Hey, don't be so -- BAM! -- critical, people. It was heavy-handed -- BOOM! -- comedy television in the 1960s. And admit it, if you're of a certain age, Adam West is and always will be Batman.
There's also the time that taxes literally animated another Batman villain, the Joker.
In "The New Adventures of Batman" cartoon series that ran on CBS in 1977, the Joker admits that he's more afraid of the IRS than Batman, so the prankster grudgingly agrees to pay a $137 million tax bill.
Batman fan tax fiction: The conversion of the internet and fandom spawned the new online quasi-literary genre of fan fiction.
Taxes and Batman meet in one such tale.
Zangito's "Batman and Taxes" recounts how Bruce Wayne faced the dual threat of financial crime and one of life's terrifying certainties.
The story starts with a Wayne Enterprises' accountant embezzlement of millions.
Spoiler alert: The Dark Knight, with always reliable Alfred's help, bests the company thief and gets his taxes to the IRS on time, too!
A real Batman's tax fight: Finally, there was the time that a real-life Batman took the IRS to court over a partnership tax issue.
In Batman v. Commissioner (that's the IRS Commissioner, not Commissioner Gordon), Ray Batman tried to convert his farm near the Texas Panhandle town of Perryton into a family partnership by transferring some of its assets to his teenage son.
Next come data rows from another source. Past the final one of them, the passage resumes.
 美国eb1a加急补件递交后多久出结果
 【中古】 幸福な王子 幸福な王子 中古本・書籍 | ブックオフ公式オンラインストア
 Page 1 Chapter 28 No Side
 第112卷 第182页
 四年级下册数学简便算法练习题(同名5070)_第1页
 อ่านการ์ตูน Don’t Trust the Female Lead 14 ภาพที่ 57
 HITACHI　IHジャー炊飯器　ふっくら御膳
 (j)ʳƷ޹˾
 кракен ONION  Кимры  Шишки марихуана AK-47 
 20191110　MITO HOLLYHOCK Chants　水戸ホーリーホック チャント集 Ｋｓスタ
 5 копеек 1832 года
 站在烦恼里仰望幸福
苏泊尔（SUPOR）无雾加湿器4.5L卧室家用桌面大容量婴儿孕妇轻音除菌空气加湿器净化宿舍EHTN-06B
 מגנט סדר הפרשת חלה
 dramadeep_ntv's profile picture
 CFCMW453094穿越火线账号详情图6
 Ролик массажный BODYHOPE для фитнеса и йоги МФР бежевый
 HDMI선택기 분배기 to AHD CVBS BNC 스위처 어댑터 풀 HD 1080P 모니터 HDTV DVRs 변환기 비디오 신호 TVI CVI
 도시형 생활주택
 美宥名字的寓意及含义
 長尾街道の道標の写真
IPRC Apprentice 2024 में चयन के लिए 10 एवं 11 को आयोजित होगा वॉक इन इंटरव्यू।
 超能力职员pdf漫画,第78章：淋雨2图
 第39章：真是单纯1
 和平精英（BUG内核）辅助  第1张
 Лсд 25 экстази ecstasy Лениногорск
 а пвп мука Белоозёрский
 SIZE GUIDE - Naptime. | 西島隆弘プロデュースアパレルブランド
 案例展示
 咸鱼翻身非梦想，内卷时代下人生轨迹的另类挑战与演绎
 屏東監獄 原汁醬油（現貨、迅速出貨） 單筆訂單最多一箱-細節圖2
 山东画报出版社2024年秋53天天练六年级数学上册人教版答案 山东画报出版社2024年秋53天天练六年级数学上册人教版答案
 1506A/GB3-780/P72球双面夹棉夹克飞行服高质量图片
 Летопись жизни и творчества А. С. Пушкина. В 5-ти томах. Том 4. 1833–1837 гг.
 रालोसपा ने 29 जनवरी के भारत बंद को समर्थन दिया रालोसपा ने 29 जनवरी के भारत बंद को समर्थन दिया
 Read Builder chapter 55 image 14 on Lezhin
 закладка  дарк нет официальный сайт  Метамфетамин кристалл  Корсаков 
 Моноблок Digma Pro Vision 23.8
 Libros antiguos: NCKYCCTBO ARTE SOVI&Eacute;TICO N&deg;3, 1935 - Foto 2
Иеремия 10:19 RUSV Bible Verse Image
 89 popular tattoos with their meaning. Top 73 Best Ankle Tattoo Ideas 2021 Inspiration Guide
A three-judge panel of the U.S. Fifth Circuit Court of Appeals in 1951 unanimously affirmed the decision of the U.S. Tax Court that disallowed Batman's tax entity move.
In the original ruling that the appellate panel upheld, the Tax Court judge found that there was no real desire by the younger Batman to be his father's partner. Although he had been doing a fair share of the farm's work, the Tax Court determined that the father had taken all the steps to make his son a partner with the sole purpose being an attempt by the elder Batman to reduce his individual tax liability.
The Joker obviously was correct in his fear of the IRS. This tax case is one of the few times that any Batman lost a fight.